Crewed only by Indigenous people, the Tribal Warrior is a sailboat that circumnavigated Australia and whose mission it is to raise awareness of Aboriginal issues.  It is also used as a training vessel to help crewmembers become licensed captains. I rode alongside the ship as she triumphantly sailed into Sydney Harbor after a two-year voyage.  Its sail is decorated with the red, black and yellow colors of the Aboriginal Flag.

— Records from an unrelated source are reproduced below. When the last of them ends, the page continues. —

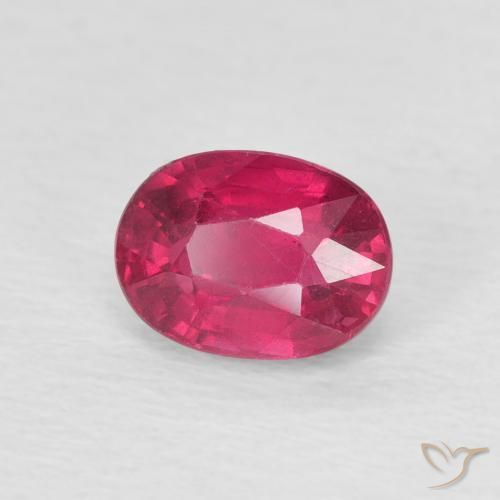 Rubino Rosso chiaro naturale da 1.37 ct, Ovale, VS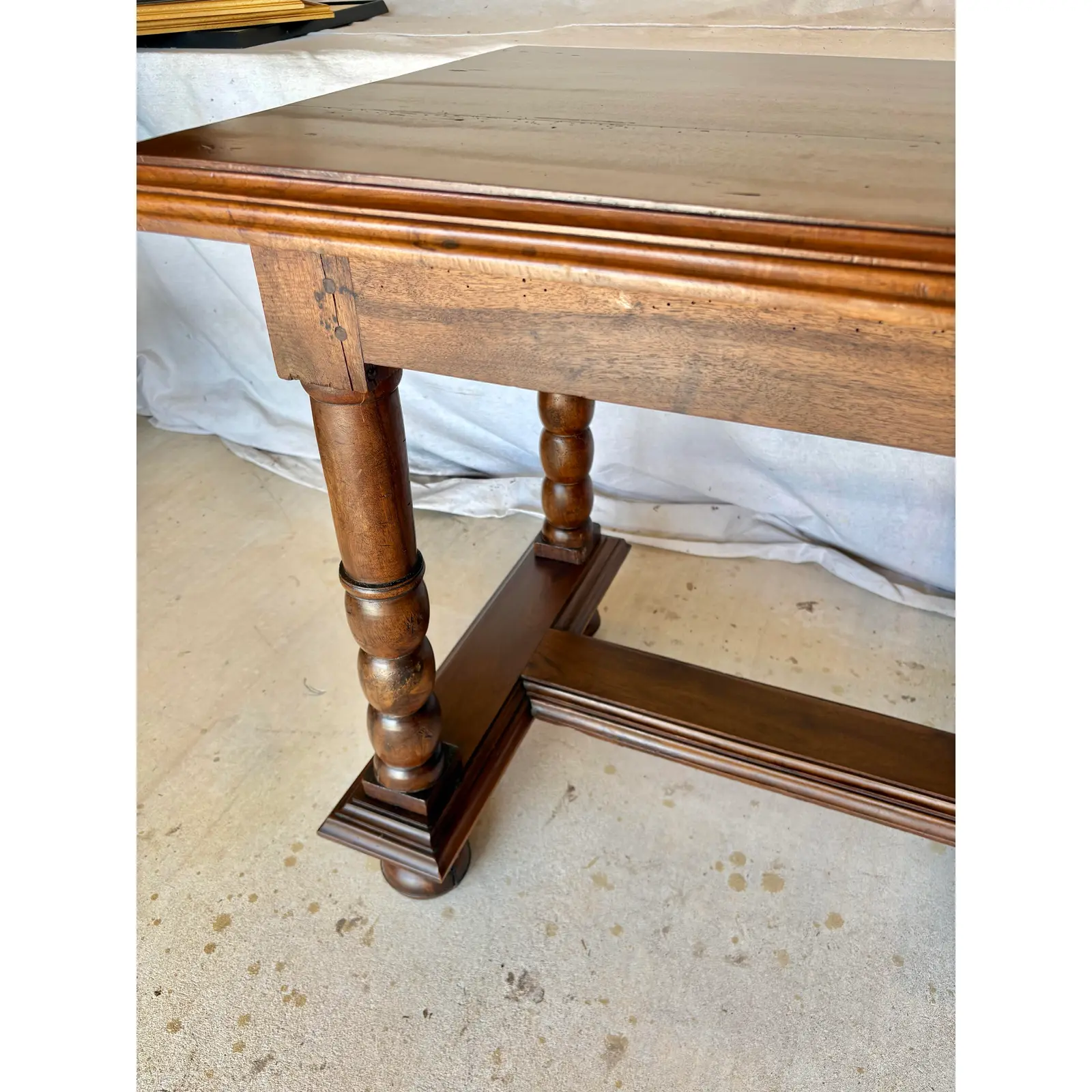 19th Century French Walnut Side Table - Image 10
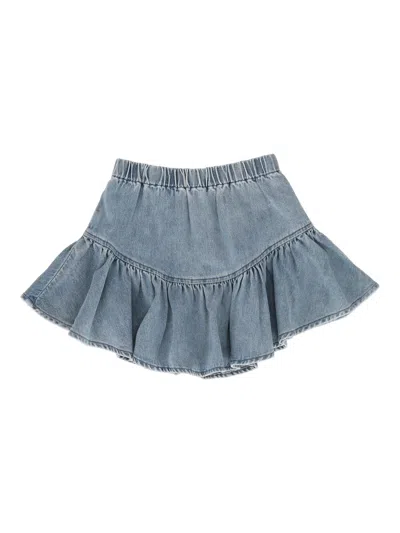 Dou Uod Kids' Skirt In Blue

The largest concentration of Aboriginal people in Sydney is the neighborhood of Redfern.  I spoke to a local Aboriginal resident about its historical significance. He told me that Redfern was one of the original Aboriginal communities in Sydney before the arrival of the Whites. There, a memorial is dedicated to Pemulwuy, a resistance fighter who fought the British for twelve long years until his death in 1802 and who is suspected to have died near Redfern. Everleigh Street in Redfern is now referred to as "The Block."  It is a neglected area of four by four blocks that has a dangerous reputation as a place to buy drugs and where Blackfellas get wild.  A campfire burns during most nights, welcoming all those who dare to go into the mania of "the Block". It is an important meeting point visited by Indigenous people from across the continent. It is managed by an Aboriginal council and is technically a miniature Aboriginal reserve. Up until the present day Aboriginal people have struggled to hold on to this piece of land. It is a place filled with many interesting characters, all with unique stories.  I was fortunate enough to hangout and make a few friends at the Block. 

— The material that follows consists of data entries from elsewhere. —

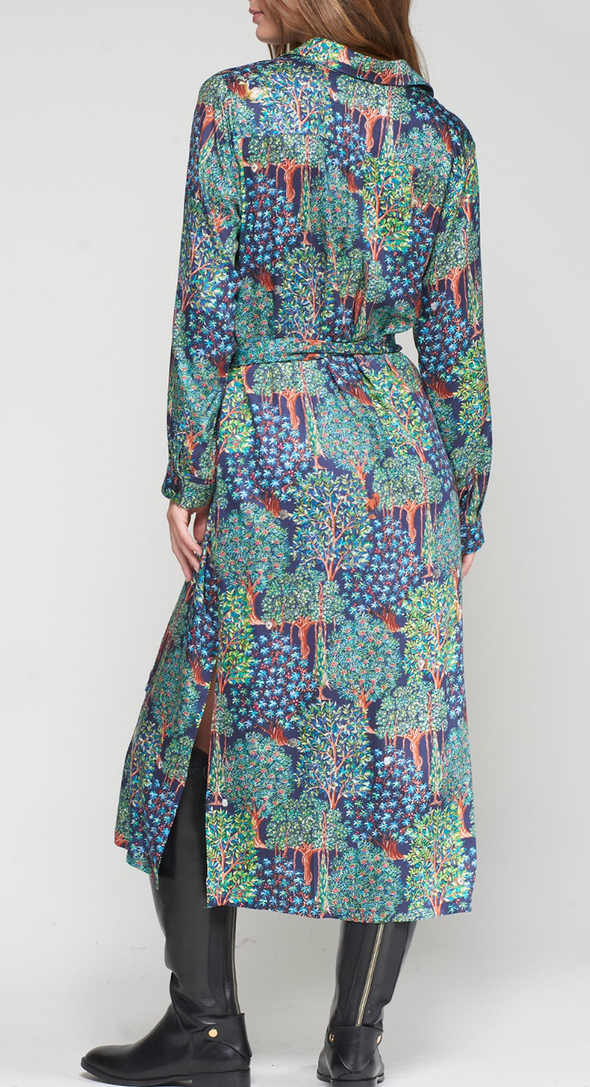 Forest Midi Shirt Dress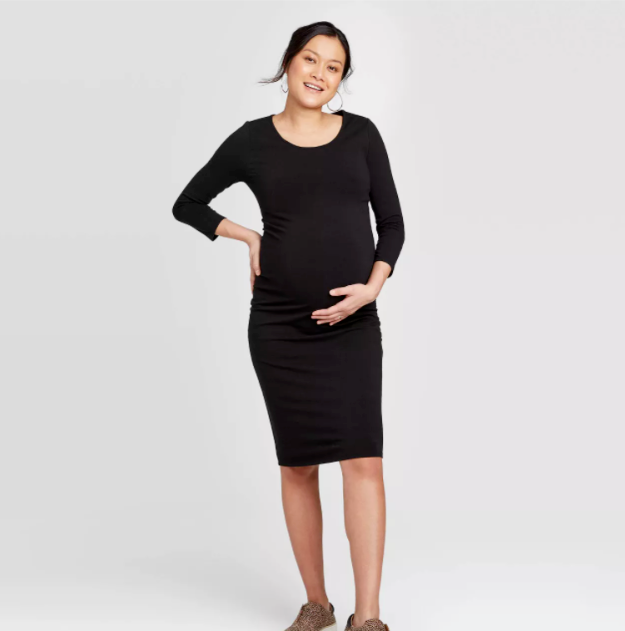 black maternity shirt dress Vero Moda Maternity - Midi Shirt Dress - Women - Viscose - M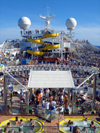 USVI - St. Thomas - top deck of the Costa Magica luxury ocean liner - jacuzzi - photo by G.Friedman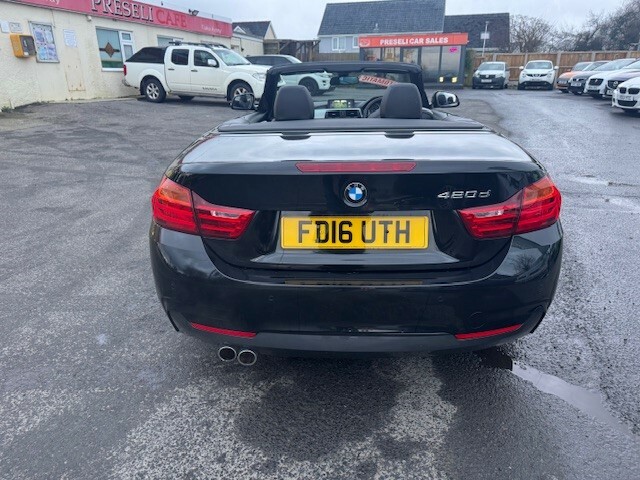 BMW 4 Series M Sport 2.0Td 188Bhp FD16UTH Black #5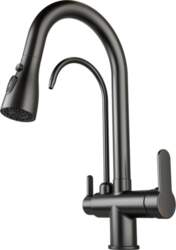 Kitchen Sink Faucet with Pull -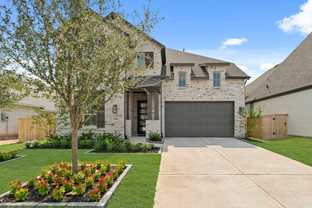 Plan Cambridge - Fulbrook on Fulshear Creek: 60ft. lots: Fulshear, Texas - Highland Homes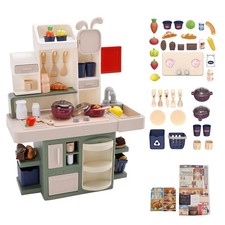 Mist Light Kitchen Playset with Water Circulation System Green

Most of the places where Indigenous people are still able to live traditionally are in the deserts of Australia's interior and in the Northern regions where the land is too hostile or wild to be farmed or settled.  If you want to get out and see these people, you have to be prepared to travel some serious miles, often across very rough country. Everyone in Redfern told me to go to Arnhem Land to see pure bloods or one hundred percent Aboriginals. Arnhem Land is one of the largest Aboriginal reserves in the Northern Territory. Through a couple of lucky connections and generous sponsors, I was on my way. My final destination would be Yirkalla, the land of the Yolgnu people. This was an incredibility-isolated region with little contact with the outside world. It was a 5-hour flight from Sydney to Darwin - the Northern Territory's capital city. From Darwin, it took two days by car to cross Arnhem Land to reach Yirkalla on the coast of the Bay of Carpenteria. We arrived at nighttime - just in time for a traditional celebration of partying and didgeridoo music.

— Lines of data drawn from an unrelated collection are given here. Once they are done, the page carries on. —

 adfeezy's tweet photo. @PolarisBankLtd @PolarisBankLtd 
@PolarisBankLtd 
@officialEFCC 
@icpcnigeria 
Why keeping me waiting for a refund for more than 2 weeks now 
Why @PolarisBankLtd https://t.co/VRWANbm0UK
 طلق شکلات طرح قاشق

Before or group could enter the little community on Bawaka beach, our host Wessely blessed us.  I had chills as he waved a sacred wooden stick over me, speaking soft words to the spirits as I knelt in the sand.  The Yirkalla area is the place where, according to Yolugu law, the Didgeridoo came into being.  In Yolugu language the didgeridoo is called the Yidaki. While in Yirkalla I met the traditional caretaker of the Yidaki and his name is Djalu Gurruwiwi. He is the most sought after Didgeridoo maker in the world. I spent time with him and his family at their house on Ski Beach. He had a stream of international visitors while I was there and after a bit of wheeling and dealing sold me one of his famous musical works of art. I have since then painted his portrait in all the colors that I recalled from the sunrises and sunsets while camping next to his beach home.